#### AVAILABLE DATA

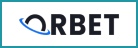 100 Freespins at ORBET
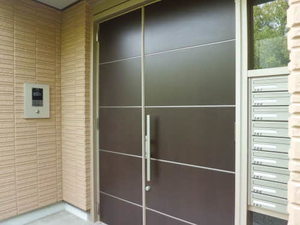 シャーメゾン山本丸橋Ｂ 0307号-4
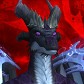 Laiev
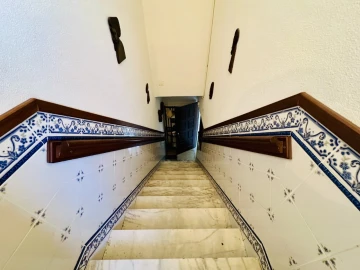 Moradia T3 para Venda em Abrantes (São Vicente e São João) e Alferrarede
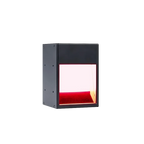35 x 35 mm Coaxial light, standard type (LS-CXL-0053)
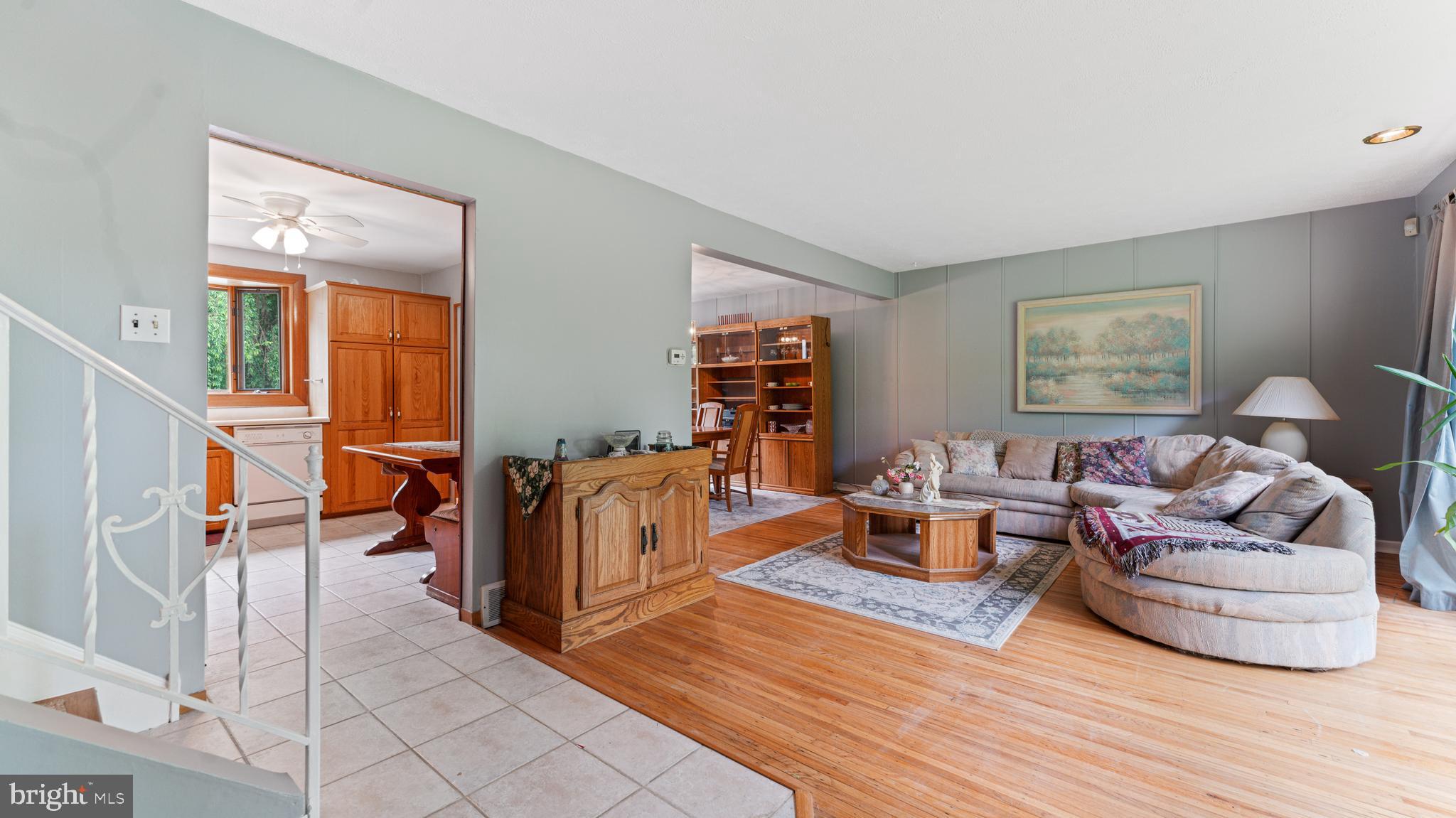 6 Arbor Road Cinnaminson, NJ 08077 - Photo 13 of 22 Gallery Image 13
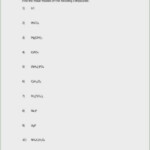 Gram Formula Mass Worksheet Photo Yes Super Teacher Worksheets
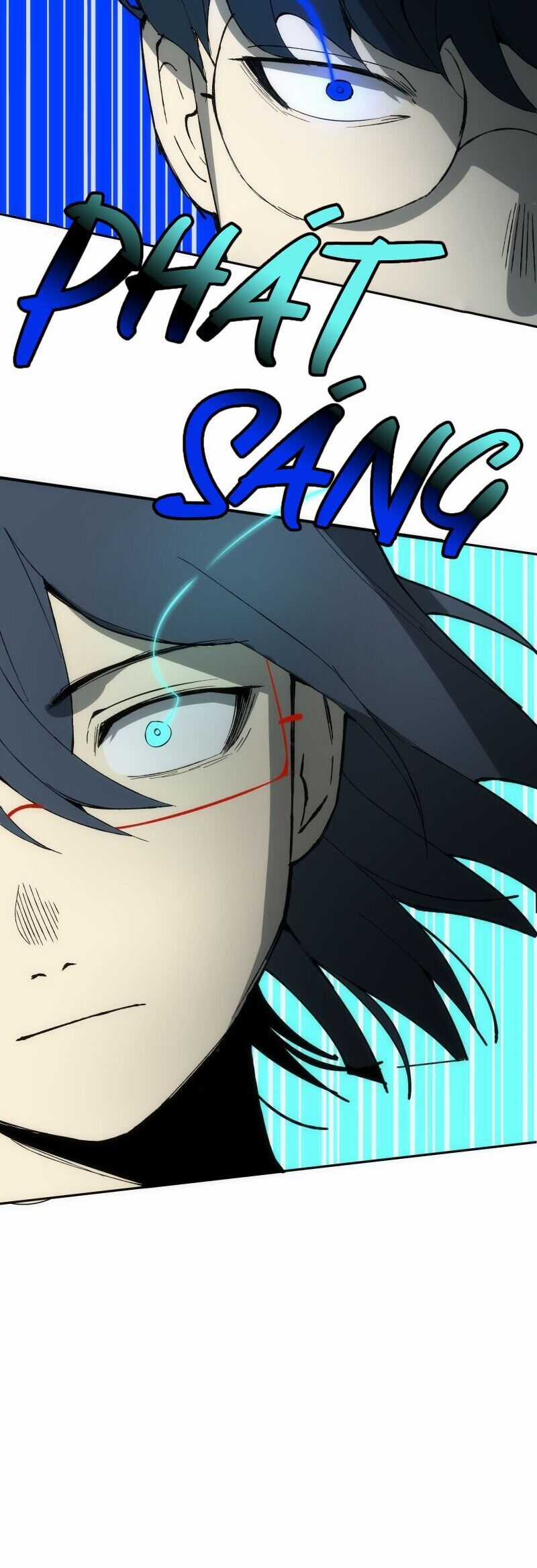 Hand Jumper Chương 36 trang 47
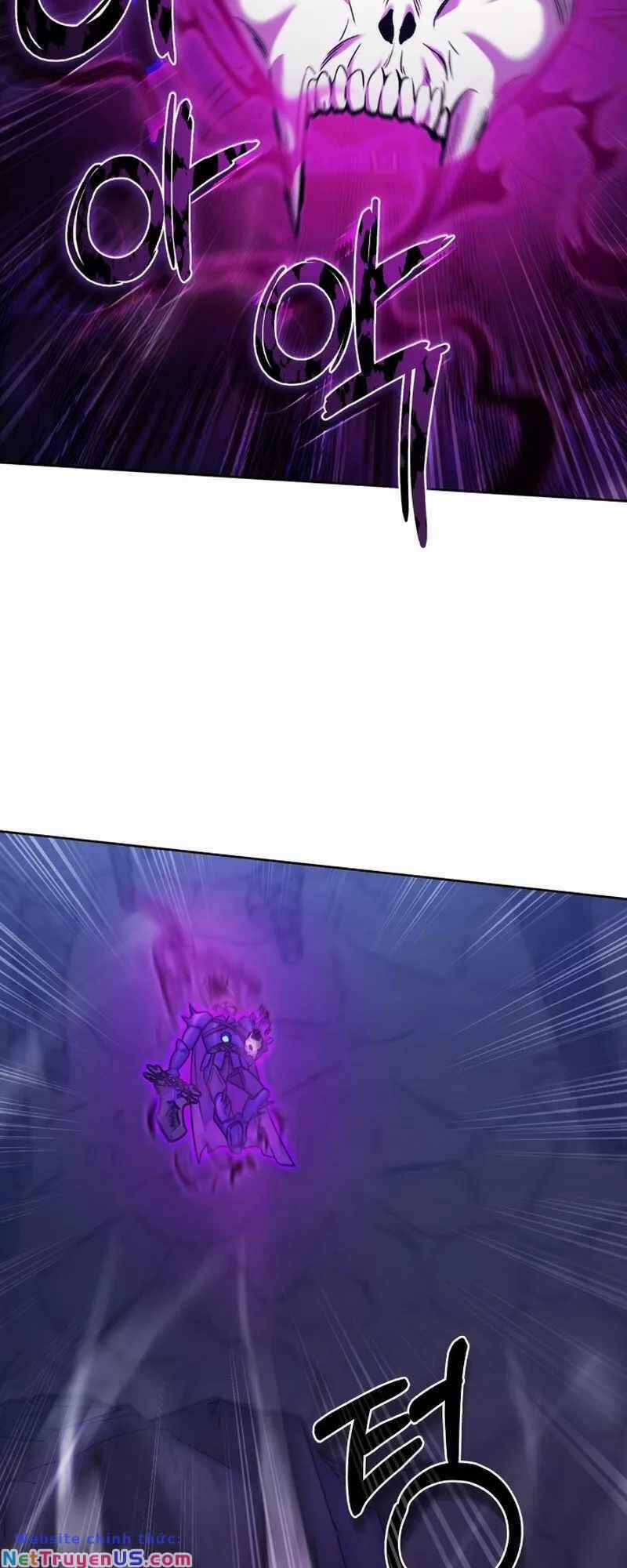 Shipper Đến Từ Murim 11 trang 41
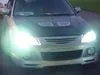 dusk HIDs.jpg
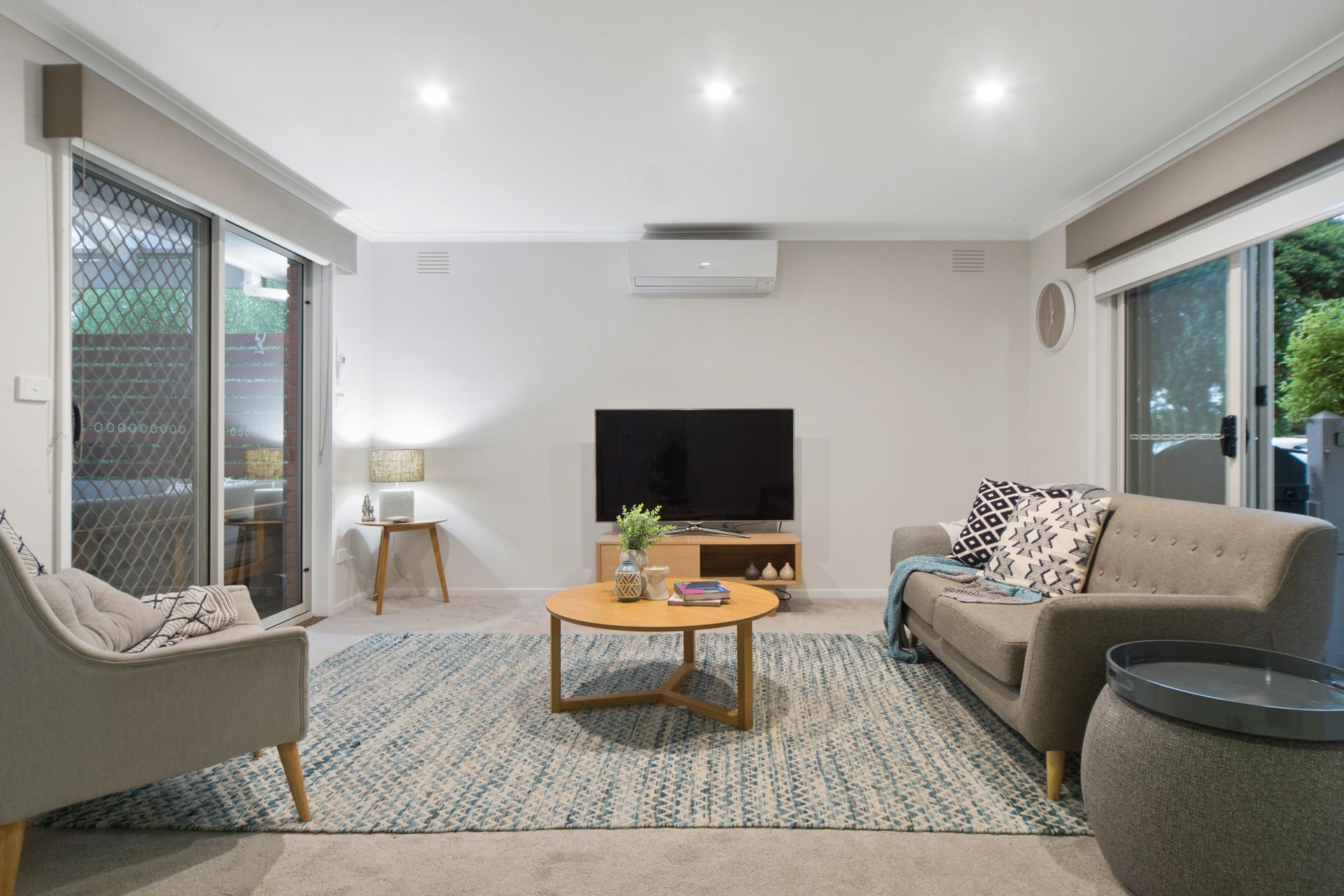 34 Baileyana Street, Frankston South, VIC 3199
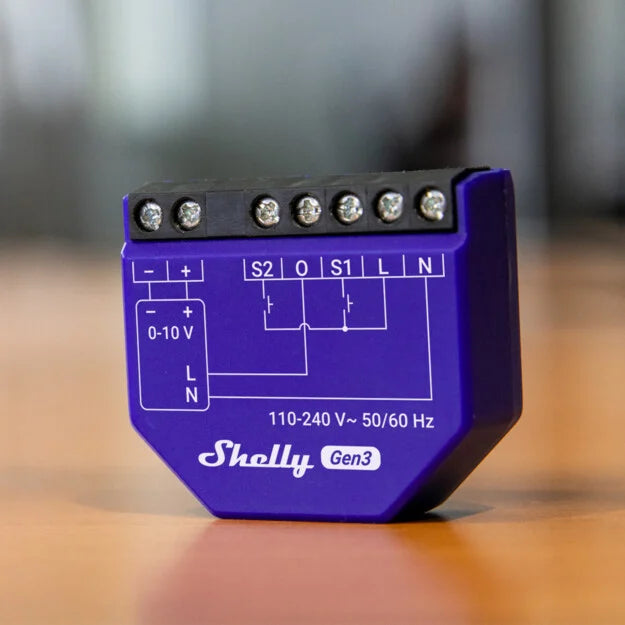 shelly-dimmer-0-1-10v-pm-gen3-smartes-dimmsteuerger-t-mit-leistungsmessung image 2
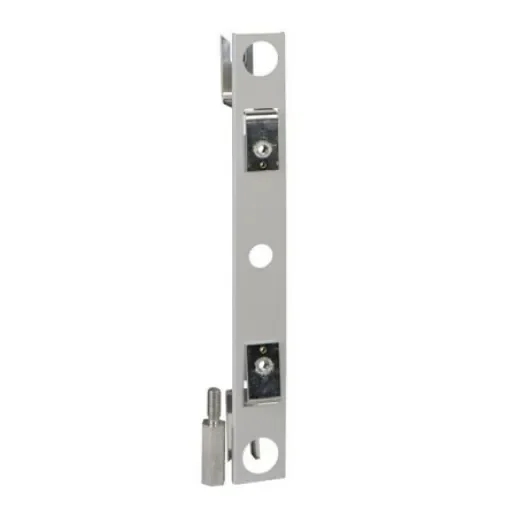 Schneider Electric LV4 Connector - LV480854 product image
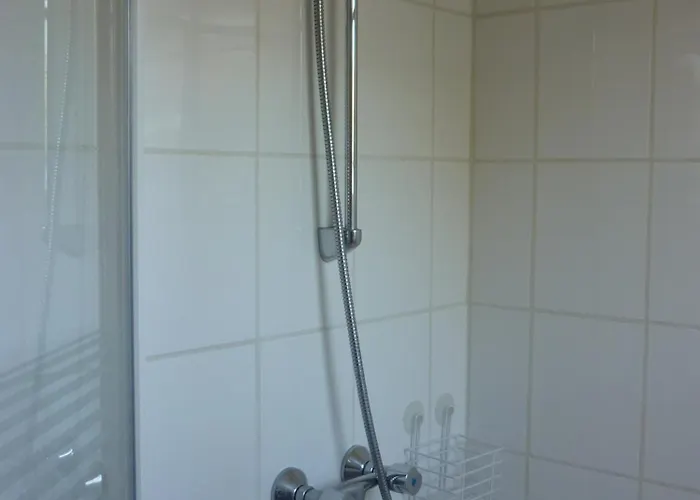 La Borie Basse 度假居 *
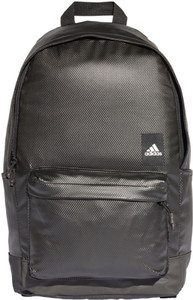 Cf3409 adidas store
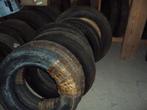 pneu collection 15 et 16 pouce d 'epoque., Enlèvement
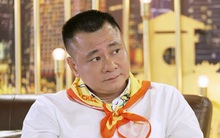 Nam NSND là Đại tá quân đội: "Tôi hơi cay mũi, nghĩ bị coi thường"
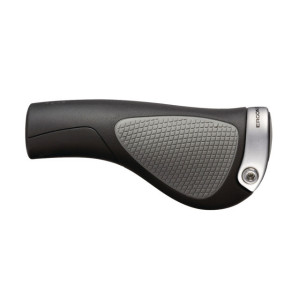 Ergon Manopole GP1-S - rohloff/Nexus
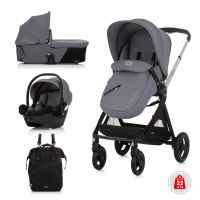 Комбинирана бебешка количка 4в1 Chipolino Елит, гранит-EbPXh.jpeg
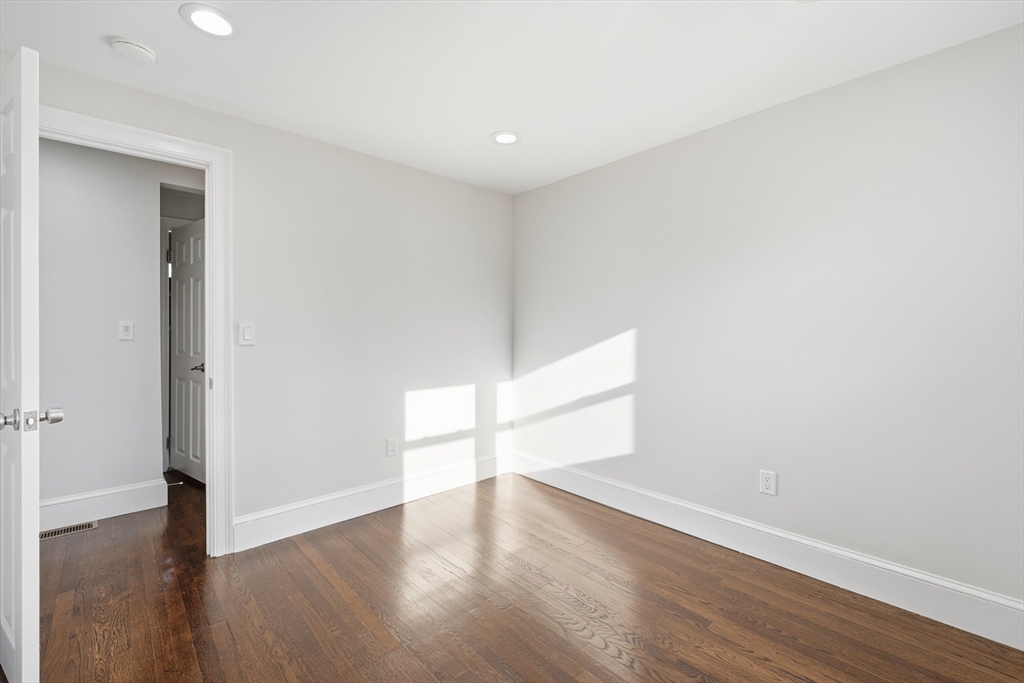 20 Mulhall Drive Ashland, MA 01721 - Photo 19 of 36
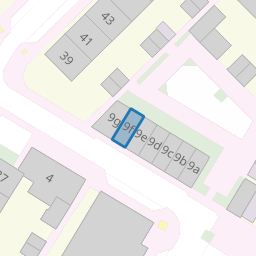 Perceel ABS01-C-4886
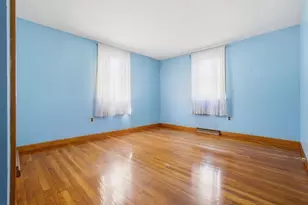 144 Tremont St, Peabody, MA 01960 - Photo 17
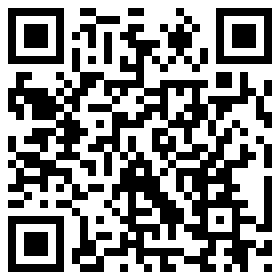 qrcode für MIB Messzeuge 06061138 Endmaß-Prüfsatz DIN EN ISO 3650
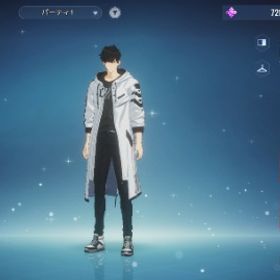 Lv 96 バトルランク38 トーマス アンドレ完凸・フリーレン 凸4俺アラ戦力360万メインアタッカー、武器10凸引退SSR呉振哲+呉振哲専武魔法石10-12万個+一般券800+枚+とくしゅ券15...手作業でストーリー、魔法石集め、レイドなど代行‼️重課金アカウント戦略310万↑(キャラ、武器ほぼ完凸)引退アカウント販売引退垢引退垢 まだまだ伸びしろ バトラン53引退！微進行垢です！戦力300万アカウント 主用キャラ 完凸引退垢キャラほぼコンプミレイ超強化等上位アカウント 戦力240万以上ミレイ五凸 ハーパー2凸 トーマス1凸 はやて2凸 等々俺アラ 最強キャラ多数アカウント販売引退激安垢俺アラ 環境キャラ多数引退梅花6凸月影5凸：剣姫向坂4凸ミレイ9凸トーマス7凸カナ7凸 他戦力190万↑ほぼ全キャラ、武器完凸、バトルランク59SSR呉振哲+呉振哲専武魔法石17-20万個+一般券1190+枚+とくしゅ券2...引退アカウントガチャ80連分 トーマスアンドレ 右京将人 梅花 テティスの魔導書トーマス完凸垢SSR呉振哲+呉振哲専武魔法石18-20万個+一般券1300+枚+とくしゅ券2...引退垢アカウント販売モチベがないため俺アラ引退アカウント ミレイ4凸 アリシア4凸 向坂2凸 トーマ...戦力107万 全属性戦力95万以上俺アラする時間がないためアカウント販売します引退課金垢 Lv90 ランク38 名声58 戦力90万 ダイヤ10813 石7356誰か買ってくださいチーム戦闘力55万戦闘力71万超 ピックアップチケ200枚俺アラ 戦力ランキング191位 水篠レベル82 向坂4凸 早手3凸 ...SSR結構持ってます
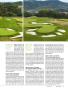 Page: - 77 | Golf Digest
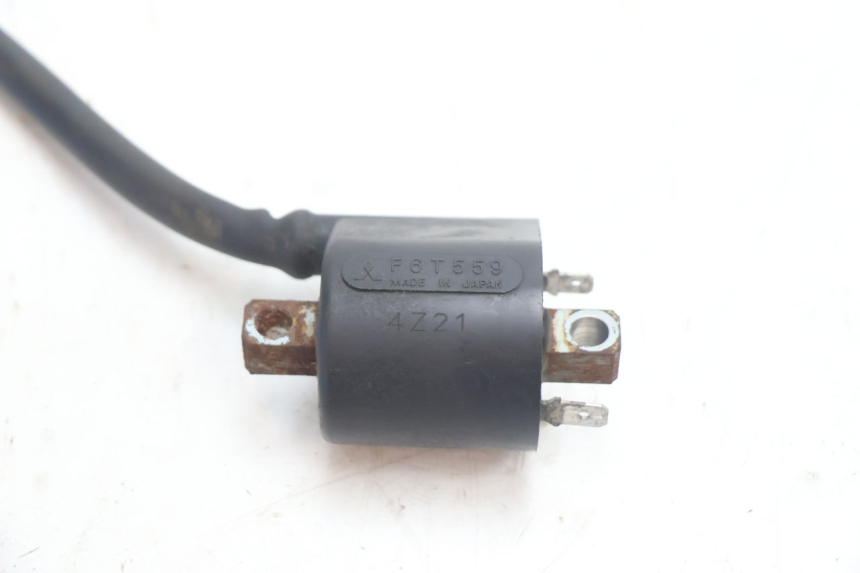 photo de BOBINA SUZUKI SV S 650 (2003 - 2009) - Altra angolazione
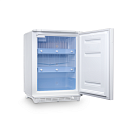 Купить Бесшумный медицинский холодильник Dometic DS 301H 9105203202 422 x 580 x 393 мм 27 л 7ft.ru в интернет магазине Семь Футов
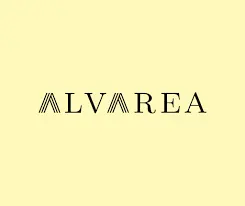 ALVAREA Immobilien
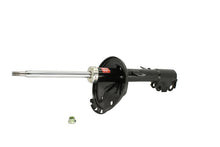 Load image into Gallery viewer, KYB Shocks &amp; Struts Excel-G Front Left LEXUS RX330 (AWD) 2004-06 LEXUS RX330 (FWD) 2004-06 LEXUS RX3 - Black Ops Auto Works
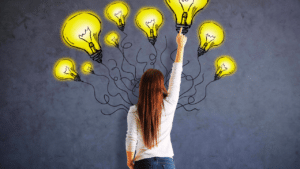 douleurs et dissonance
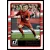 2016 Donruss  #37 Mario Gotze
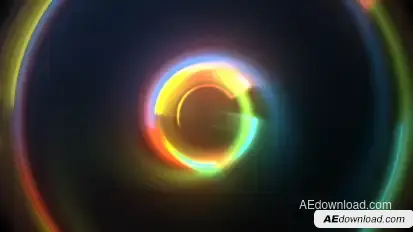 Fast Logo Reveal Logo Stings template preview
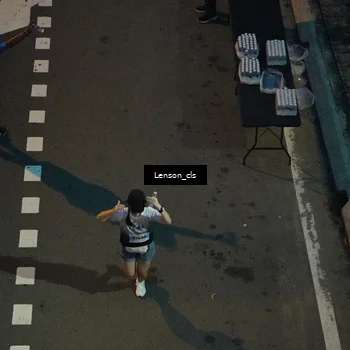 Runner Photo 7227895
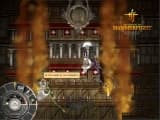 Tangkapan layar 2 Hammerfight Steam CD Key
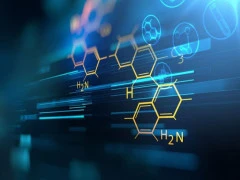 Обеспечение единства измерений в химико-технологическом комплексе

########

• [DIRECTIONS FOR THIS TASK]
Retype exactly, please, the span from the line holding "144 Tremont St, Peabody, MA 01960 - Photo 17" through the closing line of the data, both ends included, without the pictures.

• [EXERCISE SOLUTION]
 144 Tremont St, Peabody, MA 01960 - Photo 17
 qrcode für MIB Messzeuge 06061138 Endmaß-Prüfsatz DIN EN ISO 3650
 Lv 96 バトルランク38 トーマス アンドレ完凸・フリーレン 凸4俺アラ戦力360万メインアタッカー、武器10凸引退SSR呉振哲+呉振哲専武魔法石10-12万個+一般券800+枚+とくしゅ券15...手作業でストーリー、魔法石集め、レイドなど代行‼️重課金アカウント戦略310万↑(キャラ、武器ほぼ完凸)引退アカウント販売引退垢引退垢 まだまだ伸びしろ バトラン53引退！微進行垢です！戦力300万アカウント 主用キャラ 完凸引退垢キャラほぼコンプミレイ超強化等上位アカウント 戦力240万以上ミレイ五凸 ハーパー2凸 トーマス1凸 はやて2凸 等々俺アラ 最強キャラ多数アカウント販売引退激安垢俺アラ 環境キャラ多数引退梅花6凸月影5凸：剣姫向坂4凸ミレイ9凸トーマス7凸カナ7凸 他戦力190万↑ほぼ全キャラ、武器完凸、バトルランク59SSR呉振哲+呉振哲専武魔法石17-20万個+一般券1190+枚+とくしゅ券2...引退アカウントガチャ80連分 トーマスアンドレ 右京将人 梅花 テティスの魔導書トーマス完凸垢SSR呉振哲+呉振哲専武魔法石18-20万個+一般券1300+枚+とくしゅ券2...引退垢アカウント販売モチベがないため俺アラ引退アカウント ミレイ4凸 アリシア4凸 向坂2凸 トーマ...戦力107万 全属性戦力95万以上俺アラする時間がないためアカウント販売します引退課金垢 Lv90 ランク38 名声58 戦力90万 ダイヤ10813 石7356誰か買ってくださいチーム戦闘力55万戦闘力71万超 ピックアップチケ200枚俺アラ 戦力ランキング191位 水篠レベル82 向坂4凸 早手3凸 ...SSR結構持ってます
 Page: - 77 | Golf Digest
 photo de BOBINA SUZUKI SV S 650 (2003 - 2009) - Altra angolazione
 Купить Бесшумный медицинский холодильник Dometic DS 301H 9105203202 422 x 580 x 393 мм 27 л 7ft.ru в интернет магазине Семь Футов
 ALVAREA Immobilien
 Load image into Gallery viewer, KYB Shocks &amp; Struts Excel-G Front Left LEXUS RX330 (AWD) 2004-06 LEXUS RX330 (FWD) 2004-06 LEXUS RX3 - Black Ops Auto Works
 douleurs et dissonance
 2016 Donruss  #37 Mario Gotze
 Fast Logo Reveal Logo Stings template preview
 Runner Photo 7227895
 Tangkapan layar 2 Hammerfight Steam CD Key
 Обеспечение единства измерений в химико-технологическом комплексе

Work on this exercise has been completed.